Lakes of Gokyo.
by Matt Jones
I’d just spent 3 months living in China on a scholarship from the government from September to November, and with that money I decided to take a risk. In China I scraped by on as little as possible so that afterwards with the money I received I could make my way to Nepal in the heart of winter.
My plan was to arrive in Kathmandu, then begin my trek towards the Gokyo lakes, then Base Camp, and hopefully with enough energy make it back to Kathmandu again. Before I could start walking I had to take a flight to Lukla, which reportedly has the most dangerous airport in the world. After my bumpy arrival there it would be 20 days of constant walking before I would be back there again, and in those 20 days I saw the most spectacular sights of my life.
The Gokyo Lakes sit in the high altitudes of the Himalayas, roughly 4,700m above sea level, making them the highest lake system in the world. Nestled among them sits one of the world’s highest settlements: the small village of Gokyo. Its inhabitants live on the eastern shore of the main lake Dudh Pokhari, pressed between Gokyo Ri which towers 600 metres above and the Ngozumpa glacier, which is the longest glacier in all the Himalayas, at a length of 36 kilometres.
The morning after I hiked into Gokyo I climbed Gokyo Ri to try and catch the sunrise. This peak is the same altitude as Base Camp, which has half as much oxygen as sea level. After seeing Dudh Pokhari from above I decided to circumnavigate its shores that same day and then the next day I had to make double time to set out towards Base Camp. It had taken me a week to walk to Gokyo, and it would take another 5 days to get to Base Camp.

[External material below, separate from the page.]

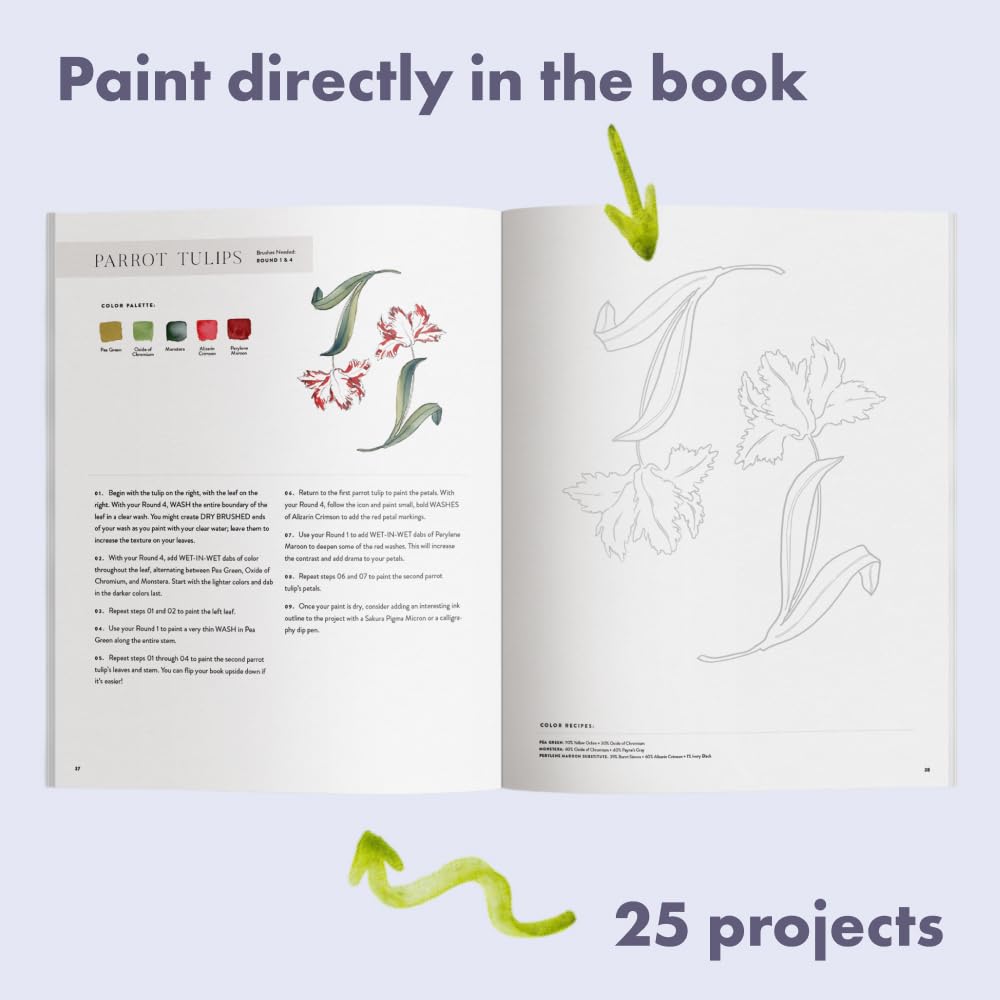 Watercolor Workbook: Café in Bloom: 25 Beginner-Friendly Projects on Premium Watercolor Paper: 3
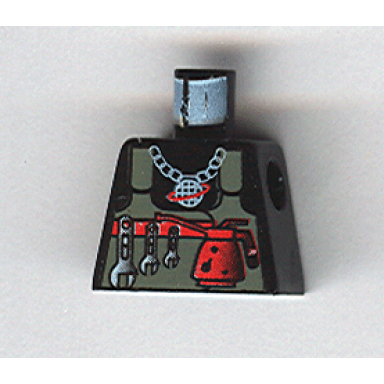 torso alpha team logo on necklace dark gray vest tools pattern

On the day I was to arrive at Base Camp I walked for 8 hours, before summiting Kala Patthar for the sunset over Mt. Everest. Although smaller than Gokyo Ri, Kala Patthar is at a much higher altitude and was attempted after a full day of walking. Climbing back down I was more physically exhausted than I had ever been before, but I skipped as I went, merry that I had achieved so much in the past few days.